Television: Fargo, "Waiting for Dutch"

So a few years back, I think it was, I remember reading a news story about a person hitting a homeless man with their car. The homeless man got stuck in the windshield, and the driver took the car home and put it in their garage and left the man stuck until he died. Or something like that. I may have the details a bit wrong, but that was the chief idea, and that story was brought back to me forcibly when I watched this episode.

But first, some background.

This season of Fargo is set in 1979 and covers the "Sioux Falls" incident Molly's father Lou mentioned years later—something that happened when he was a police officer. So now we have a young Lou (Patrick Wilson) and an even younger Molly, and his wife who is going through chemotherapy.

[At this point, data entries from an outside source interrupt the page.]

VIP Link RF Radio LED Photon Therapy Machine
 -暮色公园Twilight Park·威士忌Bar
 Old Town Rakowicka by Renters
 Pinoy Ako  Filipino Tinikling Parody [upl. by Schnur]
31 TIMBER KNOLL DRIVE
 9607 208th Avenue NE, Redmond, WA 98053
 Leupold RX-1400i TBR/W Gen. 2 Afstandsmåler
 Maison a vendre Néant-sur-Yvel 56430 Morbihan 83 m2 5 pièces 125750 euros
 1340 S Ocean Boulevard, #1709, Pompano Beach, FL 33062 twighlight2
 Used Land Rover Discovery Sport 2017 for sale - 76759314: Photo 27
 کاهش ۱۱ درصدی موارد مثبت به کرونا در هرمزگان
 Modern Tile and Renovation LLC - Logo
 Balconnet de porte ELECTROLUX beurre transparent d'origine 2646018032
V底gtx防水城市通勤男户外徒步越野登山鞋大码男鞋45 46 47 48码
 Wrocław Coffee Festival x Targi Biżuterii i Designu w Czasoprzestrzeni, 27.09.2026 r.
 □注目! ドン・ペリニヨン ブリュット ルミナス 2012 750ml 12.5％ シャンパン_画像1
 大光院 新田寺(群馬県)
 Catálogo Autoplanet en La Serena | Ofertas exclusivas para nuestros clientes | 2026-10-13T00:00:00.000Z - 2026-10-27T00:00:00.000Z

We also have the Gerhardts. A sort of crime family. Father Otto, Mother Floyd, and three sons: Dodd (Jeffery Donovan, who I remember from The Pretender), Bear (I think his name was?), and Rye (Kieran Culkin). Rye is a weasel who doesn't want to pull his weight and "has ambitions" in the way of being a typewriter distributor. Seriously. But in order to get into that particular business, he has to convince a judge to release some funds. And the way he goes about that gets very messy, involving killing multiple people at a Waffle Hut—and lands him in the windshield of Peggy Blomquist's car.

This is where you came in.

Peggy and her husband Ed also have ambitions. Ed wants a family (though Peggy seems to be evasive on this), and he plans to take over the butcher shop when his boss retires. He's the sensible sort and wants to go right to the police when he realizes his wife has hit a man with her car and then brought him home and left him to die. Still, he's forced to kill Rye outright when Rye attacks. And Peggy convinces Ed they'll just both end up in prison and no family or butcher shop for them, so Rye's body instead goes into the big chest freezer.

All this, and Otto has had a stroke, and there is another group planning to "acquire" the Gerhardt "business." Really, the show is all about plans and how they don't work out.

So we're set up for a lot of conflict, and really the show is just so well written and well done overall it's quite fun to watch. Can be very tense because you really never know what might happen or who might die. Nothing seems to be a given. Well, I guess we know Lou and Molly make it. Everyone else, though, is up for grabs. And that's what makes it fun.

1 comment:

Christine Rains said...

Glad to hear you liked it. I enjoyed it more than the beginning last season. The only thing I wonder is how Reagan (Bruce Campbell) is a part of it, or if he is just atmosphere.